-------- Data --------

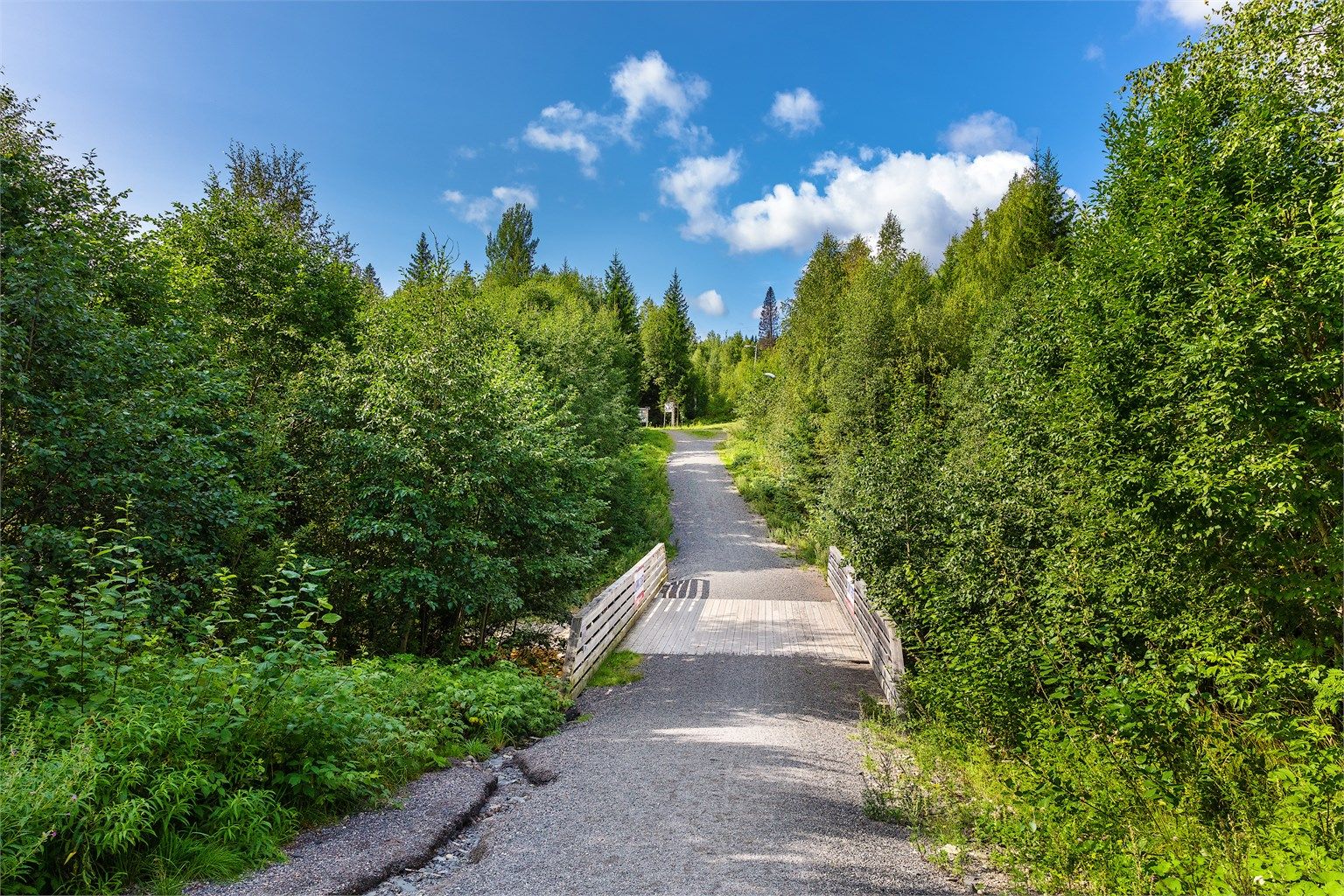 Turområde Kruttverket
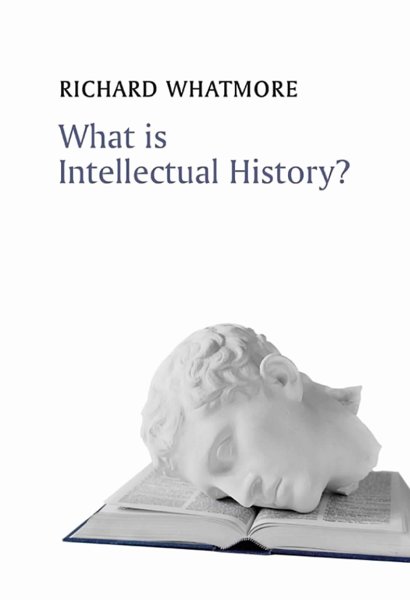 What is Intellectual History?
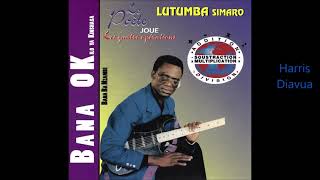 Lutumba Simaro & Bana OK: Les Quatre Opreations (1995) - music from 1995 pride and prejudice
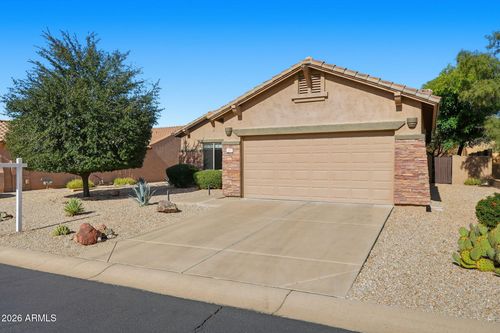 10746 E Lazy Doc Ct, Gold Canyon, AZ, 85118-5140 | Card Image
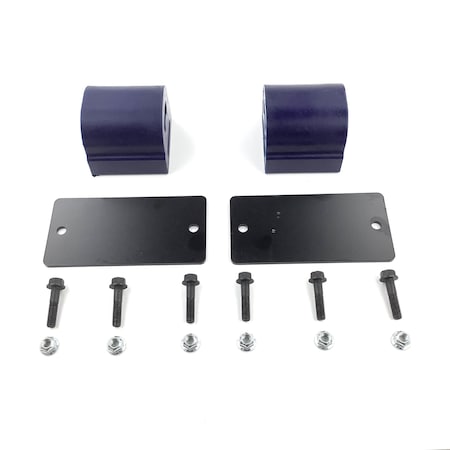 Atro Drive Shaft Center Bearing Rubber Cushion LP50-24902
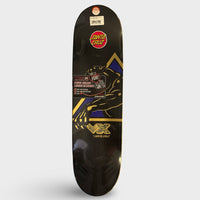 Santa Cruz 9.0" NATAS VX Deck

--------

All of the data must be set down exactly, with no pictures included.

 Turområde Kruttverket
 What is Intellectual History?
 Lutumba Simaro & Bana OK: Les Quatre Opreations (1995) - music from 1995 pride and prejudice
 10746 E Lazy Doc Ct, Gold Canyon, AZ, 85118-5140 | Card Image
 Atro Drive Shaft Center Bearing Rubber Cushion LP50-24902
 Santa Cruz 9.0" NATAS VX Deck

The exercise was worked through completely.